Tony Mastroianni Review Collection

"Front Page" is still a merry scoop

Cleveland Press October 20, 1973

Get over to the Play House Euclid-77th theater and take a look at the sort of farce-melodrama the latest shows can only suggest but never deliver.

The Play House opened its 58th season last night with a revival of the 1928 hit play, "The Front Page." At age 45 the play isn't quite a classic but it has aged well.

This is a rollicking, exuberant, energetic, exaggerated, Iarger-than-life kind of play. It is the archetype newspaper drama in which reporters wisecrack, wear their hats on the backs of their heads and give their imaginations full rein when covering a story.

The play has been staged and played straight -- no camping, no updating. It's still a delight, an evening of fun. There's no deep meaning, no need to look for it.

Is it a bad play for all that? Not at all. If there is anything dated about "The Front Page" it is its demonstration of a kind of play writing that had but one function -- to keep audiences happy, to grab them and hold them and delight them.

Last night's audience was caught up with the excitement and impudence of the play. The melodrama was there in full force but before you could scoff at the melodramatic excitement for being what it was, the play scoffed at it first by capping every scene with a burst of cynical humor.

The setting is the reporters' room of the criminal courts building in Chicago. The place is dingy, dirty and its residents are cheerfully cynical, heartless and foul-mouthed. In another day this was fairly raucous; racy stuff. But cursing has fallen upon dark days and unless a play goes all the way with a hefty selection, of four-letter vulgarities it just isn't modern. The cursing in "The Front Page" doesn't have any four-letter words, clearly a dated work

Playwrights Ben Hecht and Charles MacArthur spun their several plots and wove them together well. The reporters are waiting for the early morning hanging of a convicted murderer, a hanging that will enhance the political futures of the sheriff and the mayor.

One of their number, ace reporter Hildy Johnson, has come to say farewell, to inform them that he is turning his back on this nonsense and instead is getting married and is acquiring an advertising job in New York.

But before he can say "I do" there is a jailbreak and Hildy finds himself the sole possessor of the story and, later, possessor of the escaped prisoner.

What results is a whirlwind of reporters, a bride to-be, her mother, assorted police and deputies, a kindhearted prostitute and one managing editor -- one being enough.

Managing editor Walter Burns doesn't show up until late in the second act. No character has ever entered a play so late and dominated it so completely.

He is cynical, deceptive, mean. He's a tyrant, a perfect managing editor.

James Broderick plays him in a soft-voiced, nonchalant style rather than barking or shouting. The result is a cunning, Machiavellian quality to which most managing editors can only wistfully aspire.
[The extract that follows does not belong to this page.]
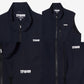 TFW49 ティーエフダブリュー ゴルフウェア メンズ ACTIVE VEST アクティブベスト 立体的なカッティング 撥水 イージーケア ストレッチ メッシュ裏地 MADE IN JAPAN 日本製 t042620024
Burns' immediate aims are to get the story, expose the inept sheriff and conniving mayor, and block Hildy's plans. Since good guys finish last, Walter Burns, naturally, finishes first.

Victor Caroli is a fine, dapper, smooth-talking Hildy Johnson. Robert Snook bumbles beautifully as the dumb sheriff. Robert Allman is effectively venal as the mayor. Kerry Slattery is attractive as the girlfriend. Julia Curry appropriately played it straight as the girl of the streets. Evie McElroy is a small riot as the mother.

All of this is well-staged by director Thomas Gruenewald although there were moments when the play seemed to require a faster, more breathless pace.